If Moore was keen to avoid spoon-feeding readers on what overriding quality they should value in their heroes or society, he does seem a little more forthcoming on what type of societal structure he thinks they should implement.
An avowed anarchist, Moore communicates his ideal social framework by having V make reference to the storybook language of The Magic Faraway Tree when the revolutionary describes the world he is trying to usher in as “The Land of Do-As-You-Please”, which is implied to be a system whereby everyone governs themselves individually.
By contrast, the dog-eat-dog environment witnessed at the end of the story is labelled “The Land of Take-What-You-Want”, which Moore (again via V) argues is a necessary step along the path towards true freedom.
Thus the question Moore is really asking appears to be not whether the type of society V advocates is the most worthwhile, but whether his blind devotion to realising his dream of a self-governing populace is actually in service to the common good of a humanity already on the brink of extinction.
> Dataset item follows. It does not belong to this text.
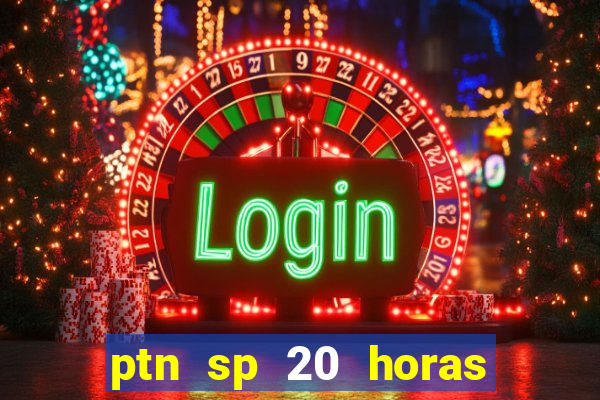 ptn sp 20 horas de hoje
Perhaps fearing he’d been a bit too open with his views on social governance, Moore returns to his cagey ways when it comes to talking about identity, which can be seen as the nexus point for many of the other themes of the story (can I just say at this point that I am aware of how nerdy the phrase “nexus point” sounds?).
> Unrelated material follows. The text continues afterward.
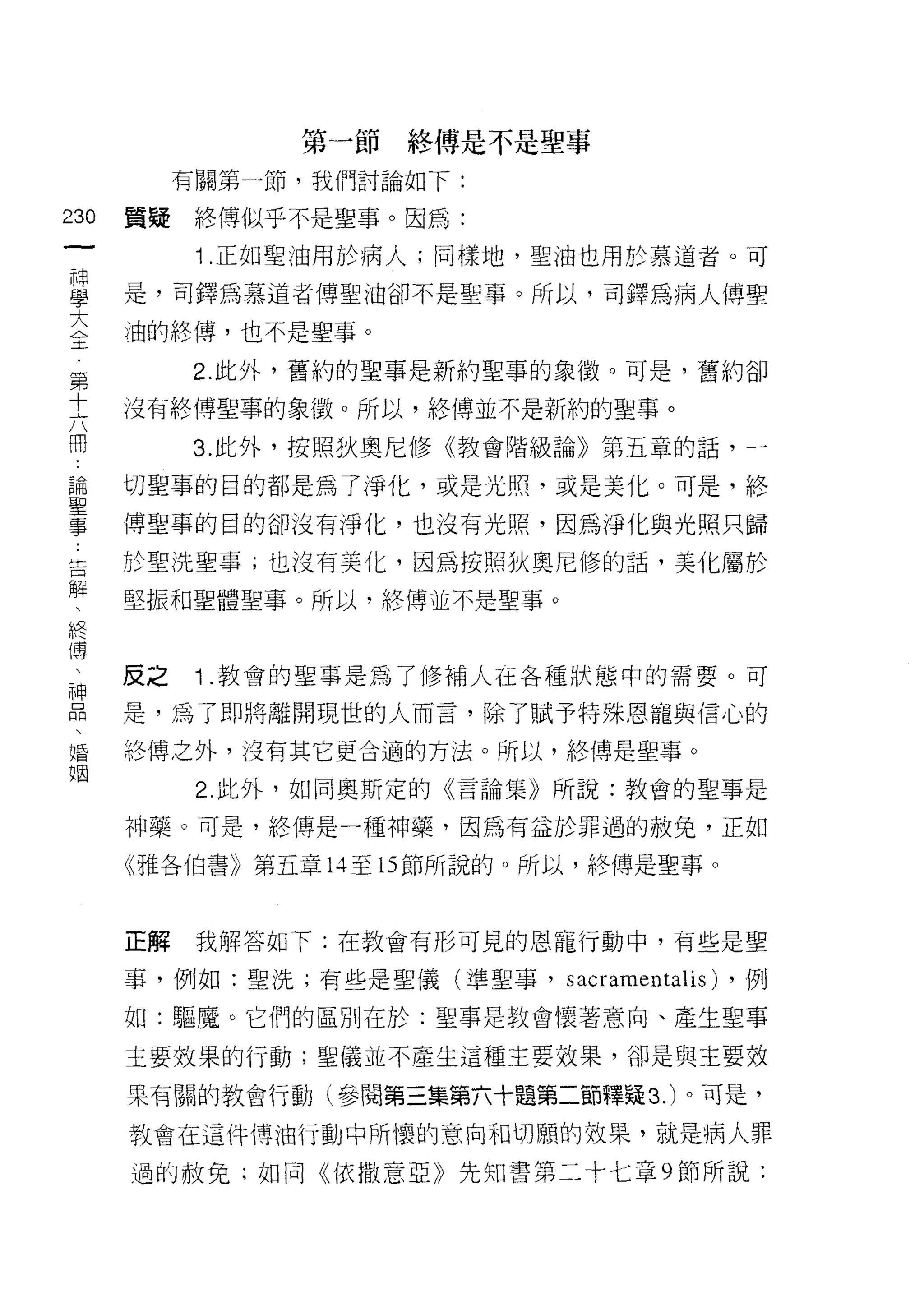 第一節終傅是不是聖事
           有關第一節，我們討論如下:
Moore never makes an open case for or against individuality, but rather chooses to use this theme to explore other major discourses within the comic book.
Certainly, for one character in particular, personal identity is shown as a vital aspect of who they are. In her final testimony, Valerie, the beautiful lesbian actress imprisoned next door to V, declares, “I am me”, refusing to allow her captors to rob her of her sense of self or personal integrity.
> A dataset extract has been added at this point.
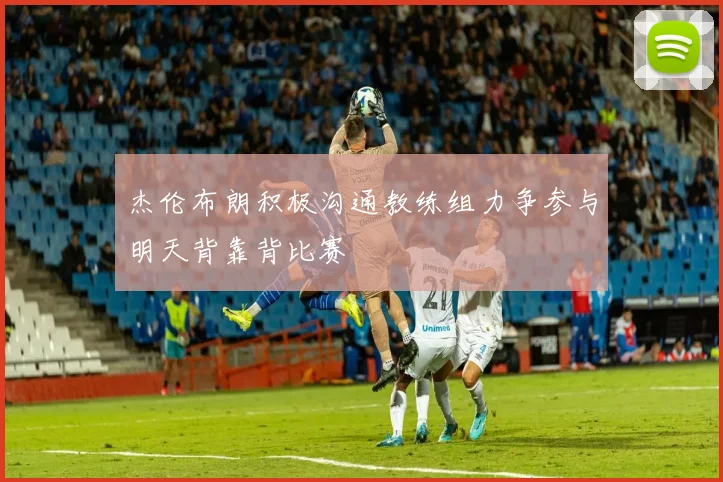 杰伦布朗积极沟通教练组力争参与明天背靠背比赛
Ironically, it is Valerie’s strong individual character that initially provides V with the motivation to display a similar sense of commitment to his ideals, even as he completely disowns his own individuality in the process, which allows him to become the powerful figure of later in the narrative.
Indeed, V’s transformation into the living embodiment of ideas (and ideologies) inspired by Valerie is so complete that, upon his death, Evey makes no attempt to uncover his identity, surmising that in this instance, the idea is far more important and valuable than the man.
So whereas Valerie’s determination to retain her sense of self in the face of unfathomable adversity is shown as an undoubtedly good thing, V’s role as a living symbol, rather than a person, is also shown to have considerable worth.
Taking things further still, Evey then goes on to surrender her own identity (which develops over the course of the story from naive girl to strong young woman, similar to Valerie) in order to take up the mantle of V herself and perpetuate his legend. In the process, she showcases the capacity for ideas to far outlive the individual personalities of flesh and blood humans, which again leads us to question whether an identity or an idea is more important (Moore would go on to reconcile the two points of view into one transcendent theory in the final chapter of rightly-celebrated Supreme in the mid-90s).
THE SPOILERS! THEY’RE…THEY’RE GONE!
All-in-all, V for Vendetta is a genuinely captivating story and a fantastic example of what the comic book medium is capable of. Sure, it borrows quite a bit from 1984 and Brave New World, and it riffs quite heavily on The Phantom of the Opera; like many great pieces of pop culture, it wears most of its influences on its sleeve (Moore even lists several more of them in his entertaining introduction to the collected edition).
What makes it outstanding in its own right is the ability of Moore and Lloyd to bring new concepts of their own to the table, and combine the new with the old to create something unique that successfully reflects the fears and concerns of the 1980s time period during which it was published.